Huddle.net, a London-based startup, does just that, merging online collaboration and a social network with the launch of free Facebook virtual team work spaces at the Demo conference in Palm Desert, Calif., on Jan. 28.

Huddle.net lets consumers and businesses create secure work spaces, which can be open to groups or closed with specific permissions for each user. The concept is an alternative to the practice of using disparate collaboration tools that don’t work together, Huddle.net CEO and co-founder Alastair Mitchell told eWEEK ahead of the event.

Combining collaboration technologies users would find in Google Apps with the social network traits of LinkedIn, Huddle.net software includes e-mail address book integration, intranet, extranet and team collaboration tools, calendar and task tracking, whiteboards, and automated workflows and alerts.

“Our vision is ‘Work the way you play,’ which is a new way for people to connect, collaborate and work together based on the lessons they’ve learned from the social networks but giving people the security and connectivity they would expect from an enterprise application,” Mitchell said.
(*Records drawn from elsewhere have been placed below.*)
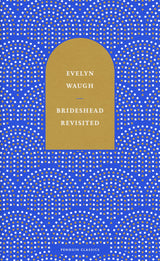 Brideshead Revisited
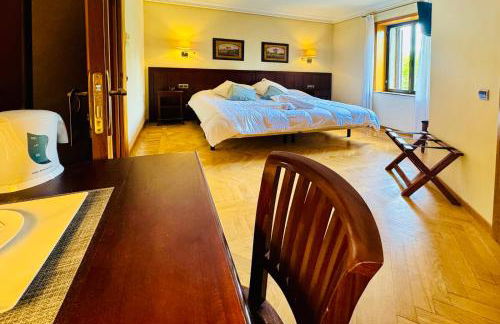 Punta me Palace " Hotel & Private Events " - Foto 46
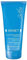 Bionike, Aknet, Gel Detergente, Scrub purificante, 200 ml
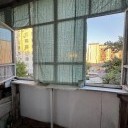 Изображние 6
Integration with Facebook will let Huddle.net users create “Huddles,” or online work spaces, where knowledge workers can share files, schedule tasks and approve actions. Huddle.net users can also add team members from friends and update profiles, all through Facebook.

Huddle.net has more than 10,000 users, but by integrating with Facebook, the company could benefit from the social network’s larger platform stage (almost 60 million users), targeting the myriad business users and even software programmers currently using Facebook to communicate and collaborate.
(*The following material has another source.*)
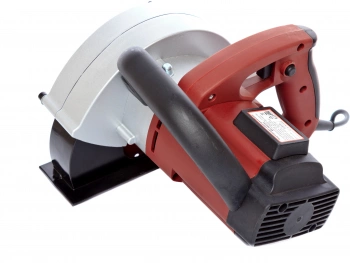 Бороздодел RedVerg  RD-WG40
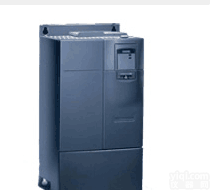 6SE6430-2UD33-0DB0  西门子<em>变频器</em>6SE6430-2UD33-0DB0 <em>30KW</em> 380V ...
This integration comes at a time when businesses are weighing how Facebook and other popular social networks may be leveraged for enterprise use.

At the show, Huddle.net also plans to introduce Huddle Desktop, an application that lets users drag and drop new documents or access Huddle content directly from their desktops.

Finally, thanks to the integration of the OpenSAM standard, Huddle.net will let users create and edit documents in Word, PowerPoint and Excel on any Web browser through embedded Web tools from iNetWord and EditGrid.

Finally, Huddle.net is allowing teams to huddle free. The free version includes three team work spaces, 1GB of document space and unlimited team members. Workgroups that require more room can license additional packages that begin at $19.95 for up to 10 Huddles.